Midnight Quest
Rialt. Or Sarvell, in a pinch.
    The one good part of the whole riotous day was that by the time everyone had retreated back to their own homes, they all knew that Jewel was not the priestess that had left them out of the barrier six months ago. They also knew that she would rather die than expose them to the Daath. Those two facts had won her an acceptance here that was iron clad. The downside to this acceptance? Well, she’d become an unofficial part of the clan and so everyone felt perfectly comfortable approaching her.
    Most of her life had been in the Order, as she had been entrusted to them as a toddler. Her days had been peaceful, quiet and very organized. To be thrust into this place where everyone talked over each other, walked freely in and out of each other’s homes, and no one hesitated to ask direct questions overwhelmed her. It had taken several hours for her to learn how to talk loud enough to get a sentence finished.
    Worse, by Ramath standards, she was “too small” and “needed some meat on them bones.” People had constantly brought her food. Jewel had managed to somehow consume the first five plates, but after that she’d ducked behind Rialt or Sarvell for protection.
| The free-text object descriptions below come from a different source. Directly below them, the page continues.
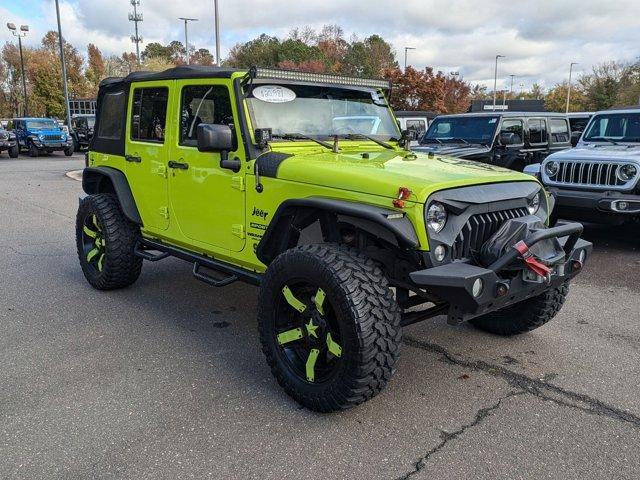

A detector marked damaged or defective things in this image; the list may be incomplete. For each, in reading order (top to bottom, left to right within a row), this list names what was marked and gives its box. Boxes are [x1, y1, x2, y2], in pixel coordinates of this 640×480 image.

parking lot crack [408, 336, 640, 430]
parking lot crack [398, 390, 524, 480]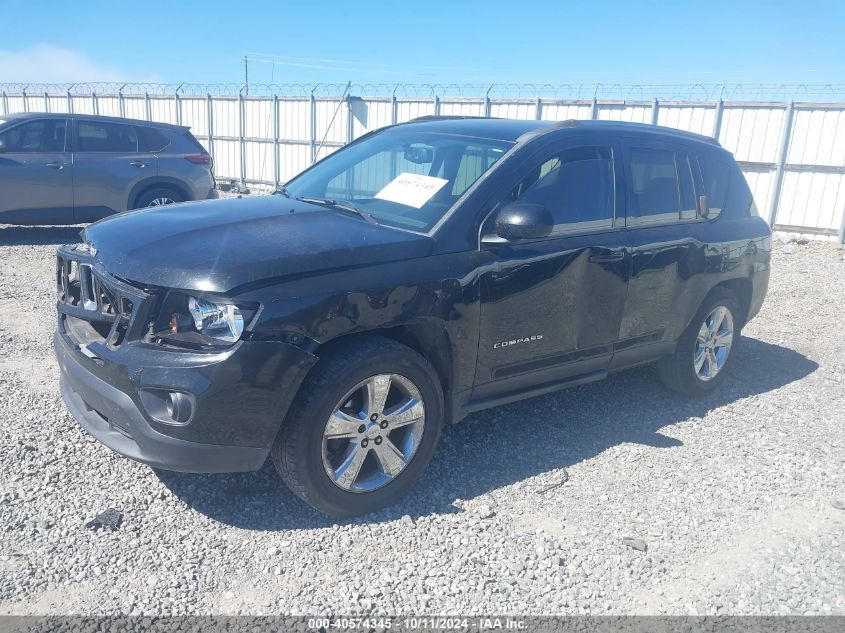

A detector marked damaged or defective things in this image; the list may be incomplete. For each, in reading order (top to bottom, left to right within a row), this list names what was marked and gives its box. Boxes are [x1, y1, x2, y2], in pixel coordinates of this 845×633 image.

damaged headlight [152, 292, 258, 350]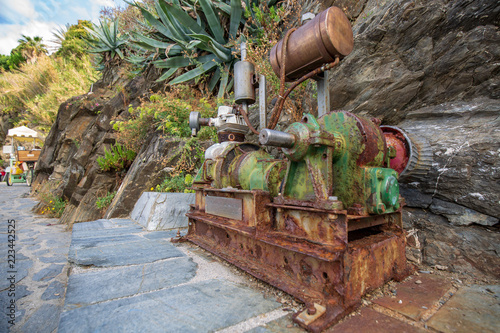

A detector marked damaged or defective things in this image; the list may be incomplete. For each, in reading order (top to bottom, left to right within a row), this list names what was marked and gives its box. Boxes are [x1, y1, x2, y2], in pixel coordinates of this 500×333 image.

rusty metal plate [203, 195, 242, 220]
rusty metal base frame [186, 188, 408, 330]
rusty industrial machine [186, 6, 428, 330]
rusty metal plate [374, 274, 452, 320]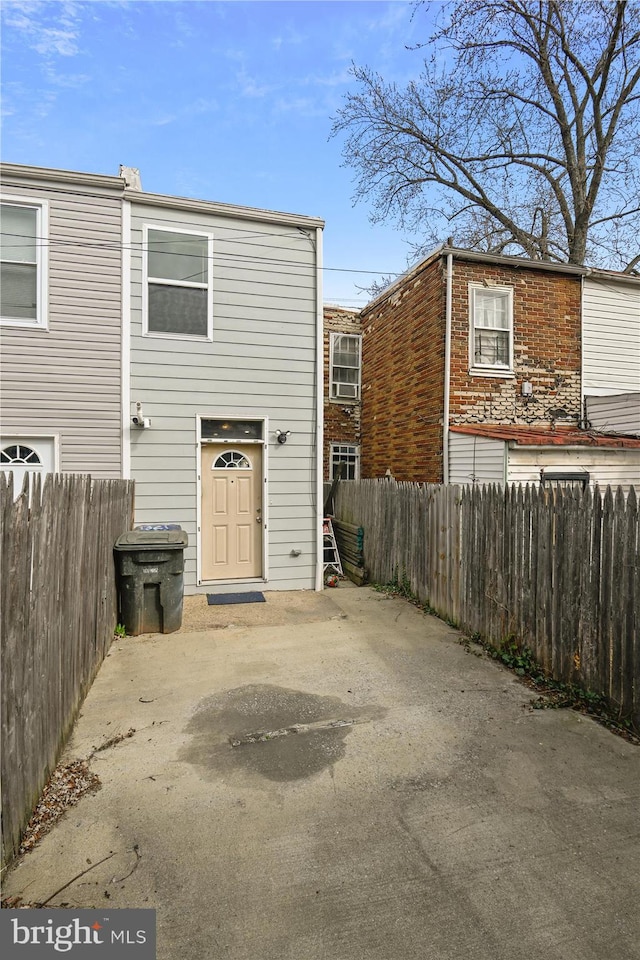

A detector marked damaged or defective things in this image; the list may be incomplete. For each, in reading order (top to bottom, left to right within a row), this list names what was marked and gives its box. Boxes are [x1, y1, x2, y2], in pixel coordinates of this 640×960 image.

Being men, they’d first laughed at her plea for help and then cheerfully finished the proffered food for her.
    She leaned against the back porch’s railing and tried not to feel queasy at just the memory of all that food. Right now, she had perfect empathy for a stuffed goose.
    The back door abruptly jerked open in a woosh of displaced air. “Jewel, are you—?! Ah, there you are.” Sarvell let out a huff of agitation. “Rialt! Found her!”
    Jewel turned slightly to face him. “Really, Sarvell, there’s no need to keep a constant watch on me.”
    “You’re in an area that you don’t know,” he responded with strained patience. “Please, for both your guardians’ sake, don’t disappear on us.”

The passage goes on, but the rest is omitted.